书城外语那些给我勇气的句子(每天读一点英文)
670700000032

第32章 Three Days to See (1)

· Helen Keller ·

All of us have read thrilling stories in which the hero had only a limited and specified time to live. Sometimes it was as long as a year,sometimes as short as twenty-four hours,but always we were interested in discovering just how the doomed man chose to spend his last years or his last hours. I speak,of course,of free men who have a choice,not condemned criminals whose sphere of activities is strictly limited.

Such stories set up thinking,wondering what we should do under similar circumstances. What associations should we crowd into those last hours as mortal beings? What happiness should we find in reviewing the past,what regrets?

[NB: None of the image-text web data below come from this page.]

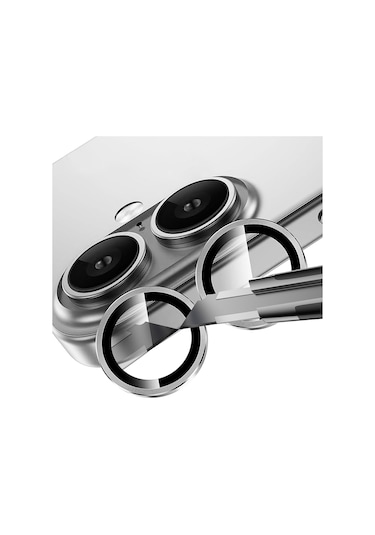 Apple iPhone Uyumlu  16 Frms Mikro Kamera Lens Koruyucu - Siyah Siyah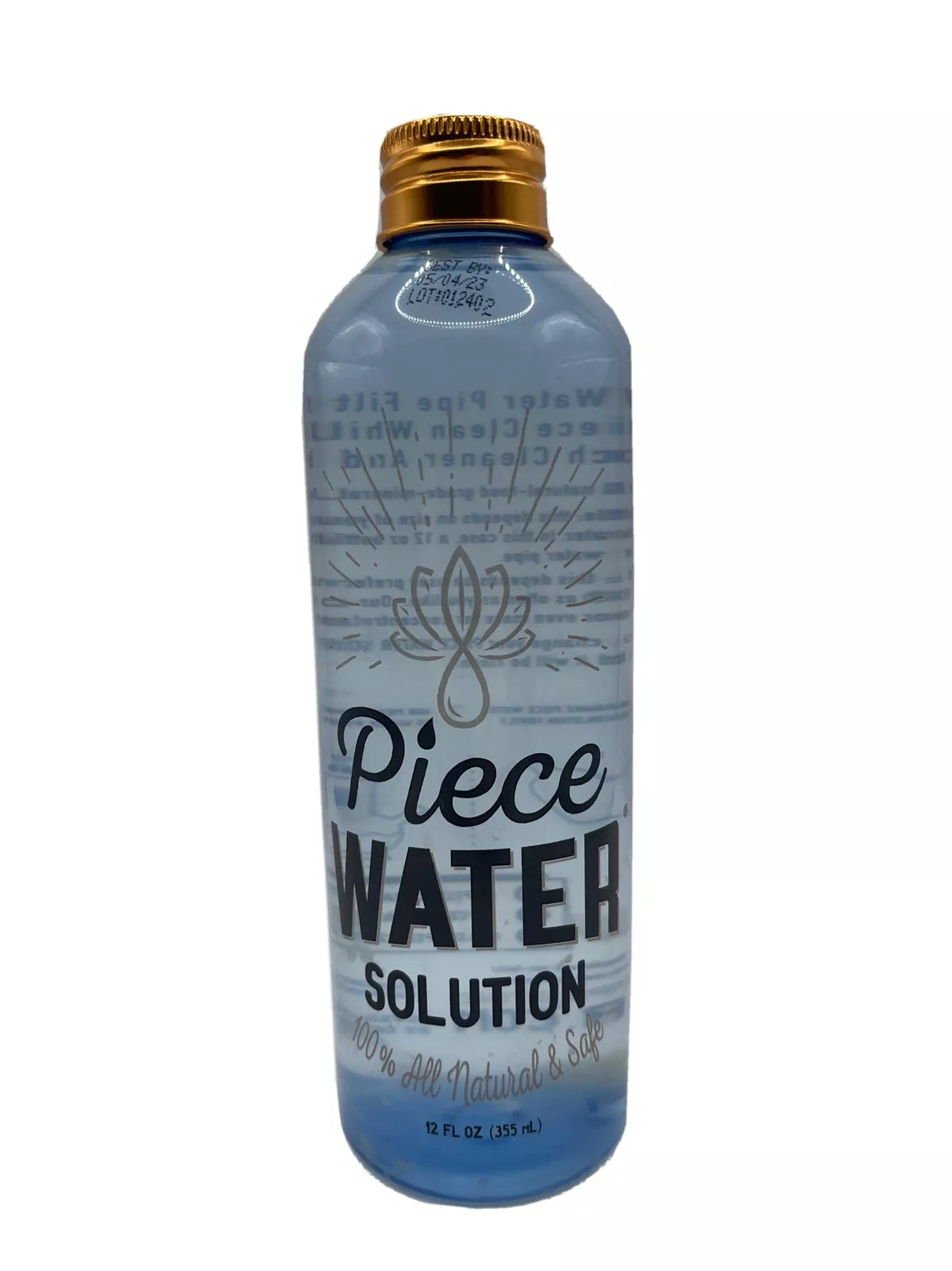PIECE Water Solution 4 FLOZ bottle – all-natural, safe bong water additive to keep glass clean and smooth smoking. Main image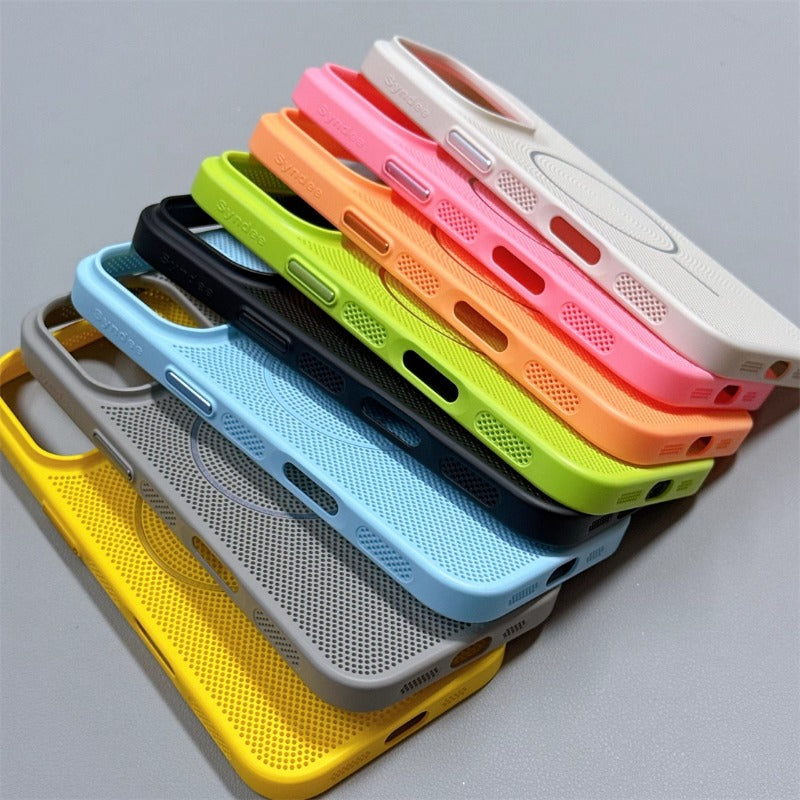 Solid Color Hollow Magnetic Phone Case For iPhone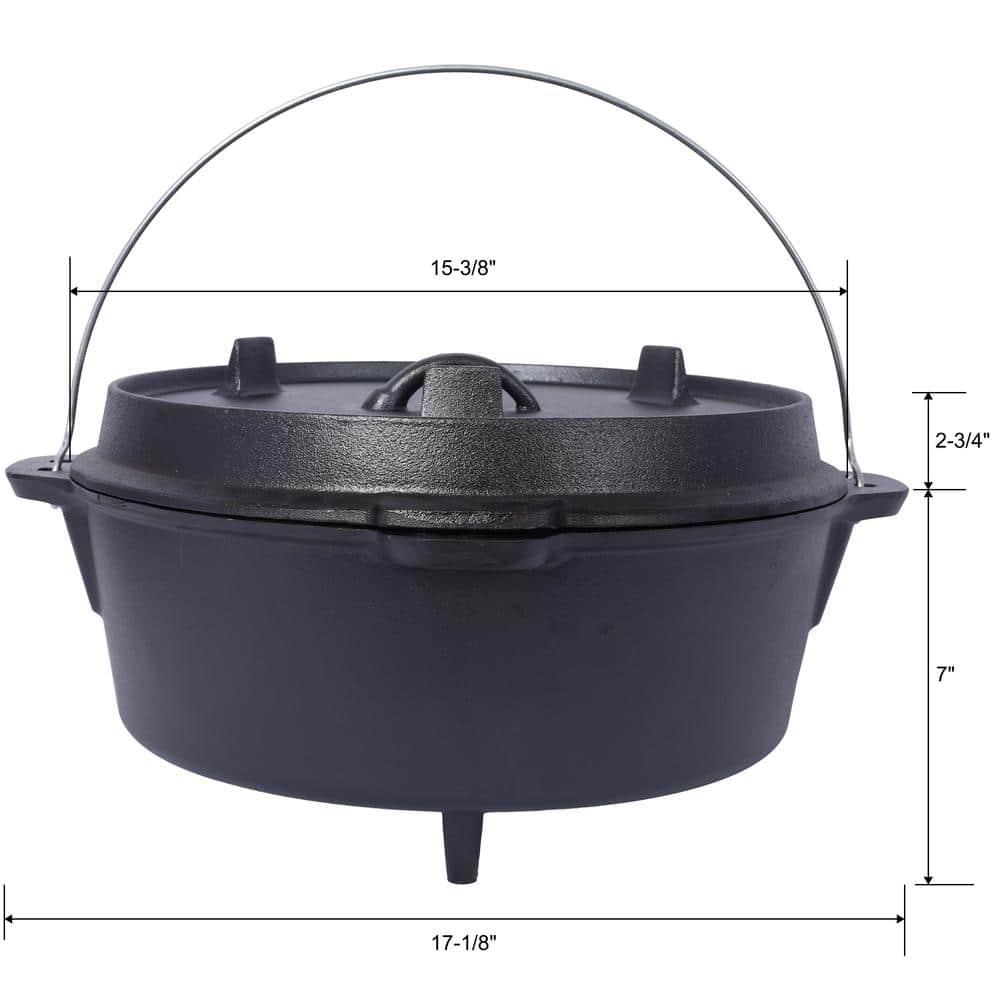 Tcbosik 12 Quart Cast Iron Dutch Oven with Lid & Lid Lifter for Indoor & Outdoor Cooking, Black
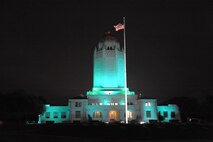 In recognition of April being Sexual Assault Awareness and Prevention Month, throughout April the Taj will be bathed in teal lighting. The goal of SAAPM is to raise public awareness about sexual violence and to educate communities on how to prevent it. Teal is the official color of SAAPM, and the teal ribbon is the symbol of sexual violence prevention. (U.S. Air Force photo by Joel Martinez)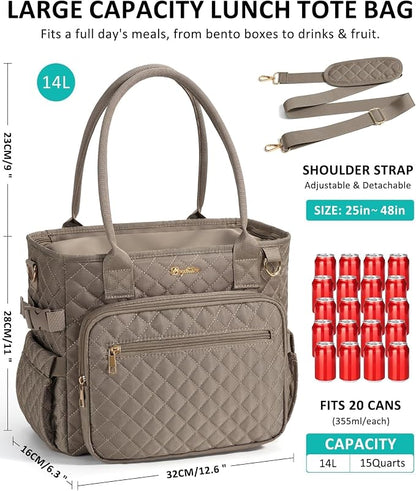 Lunch Box for Women Insulated Lunch Bag Quilted Soft Cooler Tote | 7 Pocket - Image 3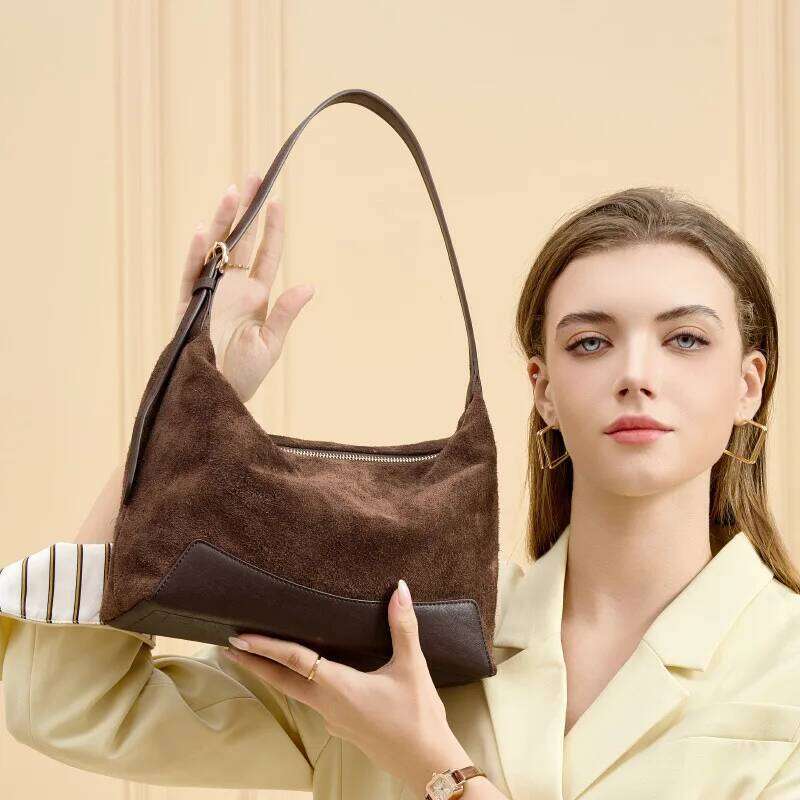 Suede Women Underarm Shoulder Bag Designer Genuine Leather Splicing Lady Commuter Handbags Winter Elegant Chic Purse 1025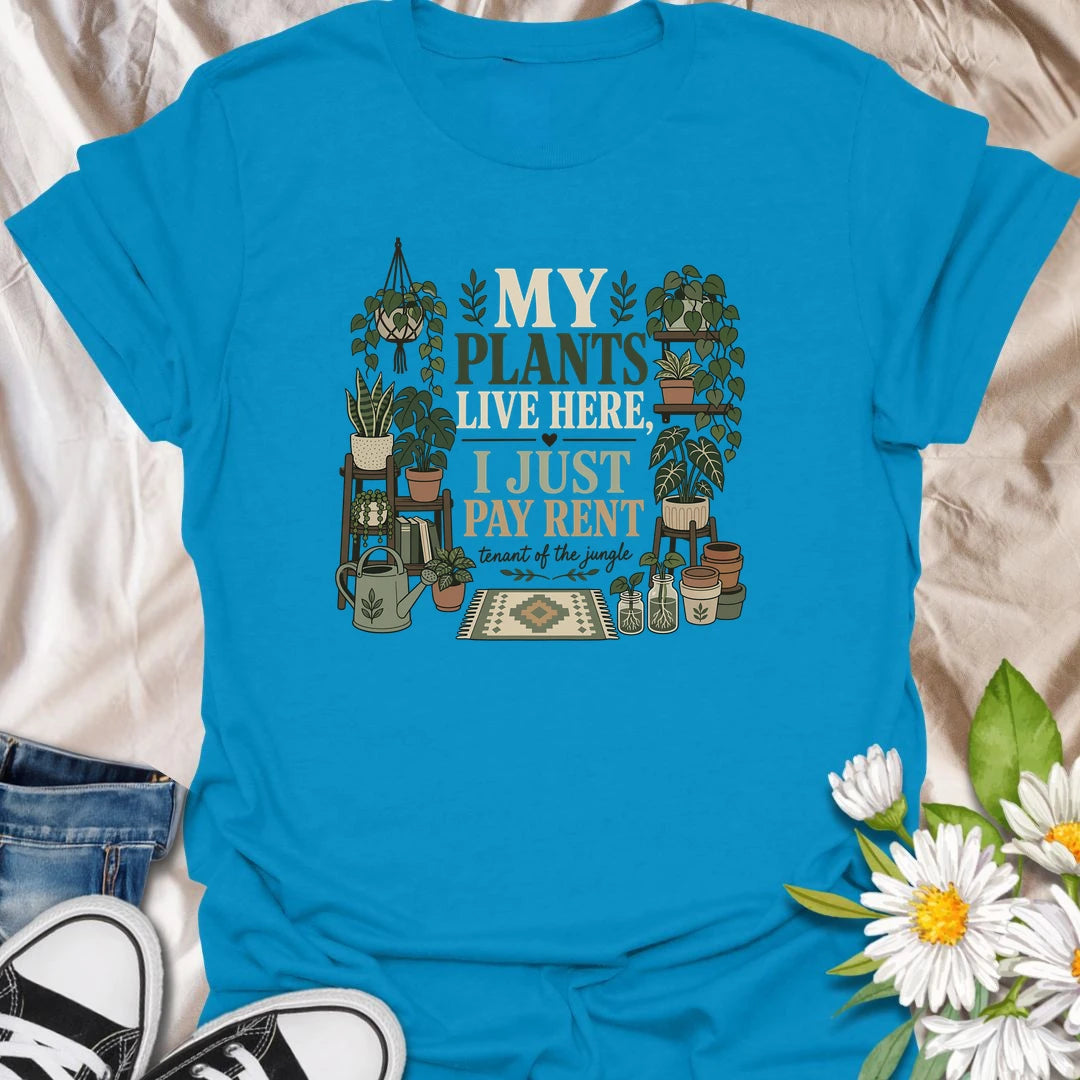 Declare who really owns the home with this “My Plants Live Here, I Just Pay Rent” T-shirt. The cozy design features shelves of houseplants, propagation jars, pots, and gardening accessories. It makes a funny gift for plant parents whose indoor jungle has taken over every available surface.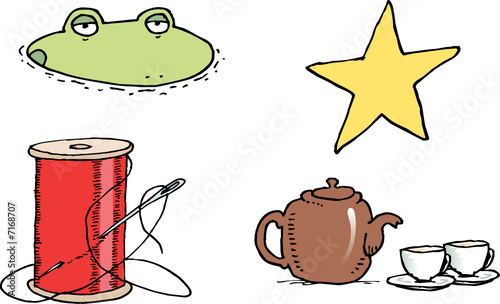 frog, star, thread, teapot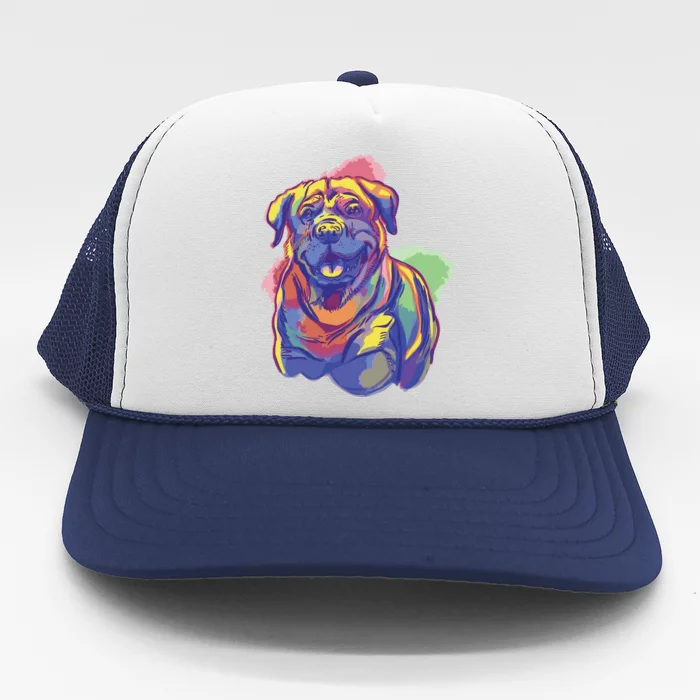 Rottweiler Colorful Dog Trucker Hat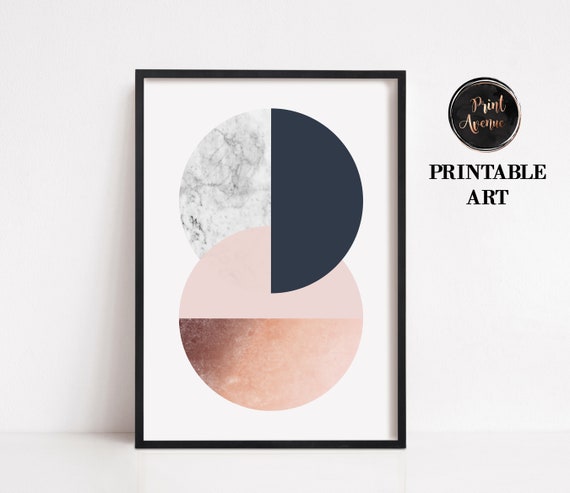 Navy Blush GEOMETRIC Marble Art PRINT Poster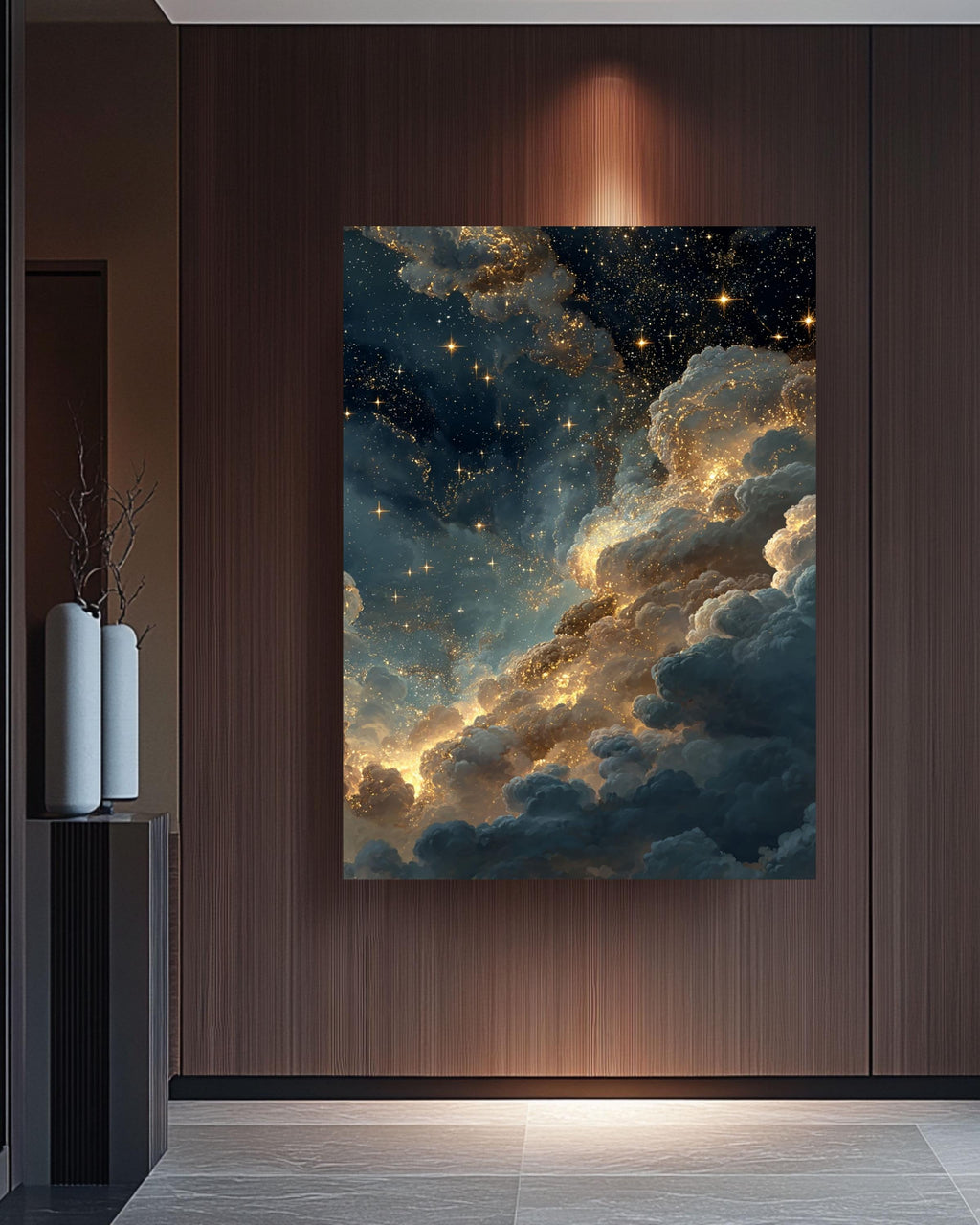 Starry Night Sky Canvas Art: Golden Cloudscape Galaxy Print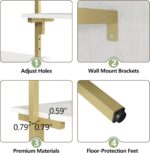 Loomie 79" Wall-Mounted Clothes Rack with Adjustable Shelf, Gold Clothing Rack w... - Image 7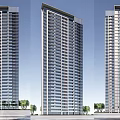 Three Modern High Rise Residential Towers With Glass Facades And Greenery
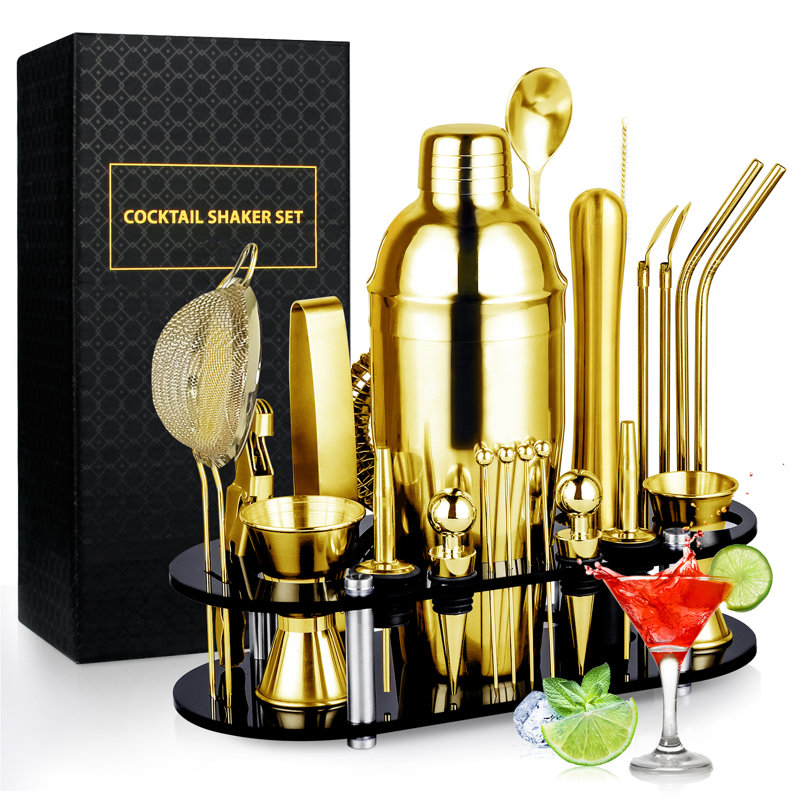 Prep & Savour 25 Piece Stainless Steel Cocktail Shaker Bar Tool Set With Stand, Gold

Sometimes I have thought it would be an excellent rule to live each day as if we should die tomorrow. Such an attitude would emphasize sharply the values of life. We should live each day with a gentleness,a vigor,and a keenness of appreciation on which are often lost when times stretches before us in the constant panorama of more days and months and years to come. There are those,of course,who would adopt the epicurean motto of“eat,drink,and be merry,”most people would be chastened by the certainty of impending death.

Most of us take life for granted. We know that one day we must die,but usually we picture that day as far in the future,when we are in buoyant health,death is all but unimaginable. We seldom think of it. The days stretch out in an endless vista. So we go about our petty tasks,hardly aware of our listless attitude towards life.

The same lethargy,I am afraid,characterizes the use of our faculties and senses. Only the deaf appreciate hearing,only the blind realize the manifold blessings that lie in sight. Particularly does this observation apply to those who have lost sight and hearing in adult life. But those who have never suffered impairment of sight or hearing seldom make the fullest use of these blessed faculties. Their eyes and ears take in all sights and sound hazily,without concentration,and with little appreciation. It is the same old story of not being grateful for our health until we are ill...

Now and then I have tested my seeing friends to discover what they see. Recently I was visited by a very good friend who had just returned from a long walk in the woods,and I asked her what she had observed.“Nothing in particular,”She replied. I might have been incredulous had I not been accustomed to such responses,for long ago I became convinced that the seeing see little.